### EXERCISE REQUIREMENTS
Provide only the number of lines in the records below that include "Chapter".

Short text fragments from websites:

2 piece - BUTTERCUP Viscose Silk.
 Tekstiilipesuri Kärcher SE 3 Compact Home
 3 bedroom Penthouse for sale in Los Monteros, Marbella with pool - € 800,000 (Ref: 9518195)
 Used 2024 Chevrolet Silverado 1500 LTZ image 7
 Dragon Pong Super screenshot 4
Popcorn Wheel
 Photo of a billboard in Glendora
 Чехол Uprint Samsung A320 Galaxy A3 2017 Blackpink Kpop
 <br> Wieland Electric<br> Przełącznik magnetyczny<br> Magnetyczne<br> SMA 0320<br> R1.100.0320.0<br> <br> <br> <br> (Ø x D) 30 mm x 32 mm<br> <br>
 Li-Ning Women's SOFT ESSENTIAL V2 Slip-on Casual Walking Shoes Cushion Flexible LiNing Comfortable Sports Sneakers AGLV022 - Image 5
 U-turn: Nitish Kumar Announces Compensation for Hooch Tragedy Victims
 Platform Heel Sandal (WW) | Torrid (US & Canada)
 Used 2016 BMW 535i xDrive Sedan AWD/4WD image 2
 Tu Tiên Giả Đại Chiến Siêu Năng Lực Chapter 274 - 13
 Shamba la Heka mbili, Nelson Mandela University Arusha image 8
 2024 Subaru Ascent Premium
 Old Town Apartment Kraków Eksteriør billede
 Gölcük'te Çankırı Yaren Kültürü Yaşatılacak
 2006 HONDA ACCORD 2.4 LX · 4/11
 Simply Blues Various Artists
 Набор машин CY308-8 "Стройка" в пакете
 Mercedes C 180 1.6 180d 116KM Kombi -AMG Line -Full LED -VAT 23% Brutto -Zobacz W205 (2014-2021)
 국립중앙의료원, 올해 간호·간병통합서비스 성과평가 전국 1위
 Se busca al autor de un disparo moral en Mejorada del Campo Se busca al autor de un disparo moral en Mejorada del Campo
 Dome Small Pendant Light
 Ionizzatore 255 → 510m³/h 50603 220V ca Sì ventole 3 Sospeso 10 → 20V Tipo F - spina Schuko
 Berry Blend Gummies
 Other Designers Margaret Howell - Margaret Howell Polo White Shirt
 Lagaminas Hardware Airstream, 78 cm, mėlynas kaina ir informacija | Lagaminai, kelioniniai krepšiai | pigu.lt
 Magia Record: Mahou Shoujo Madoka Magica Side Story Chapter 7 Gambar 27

### RESULT
2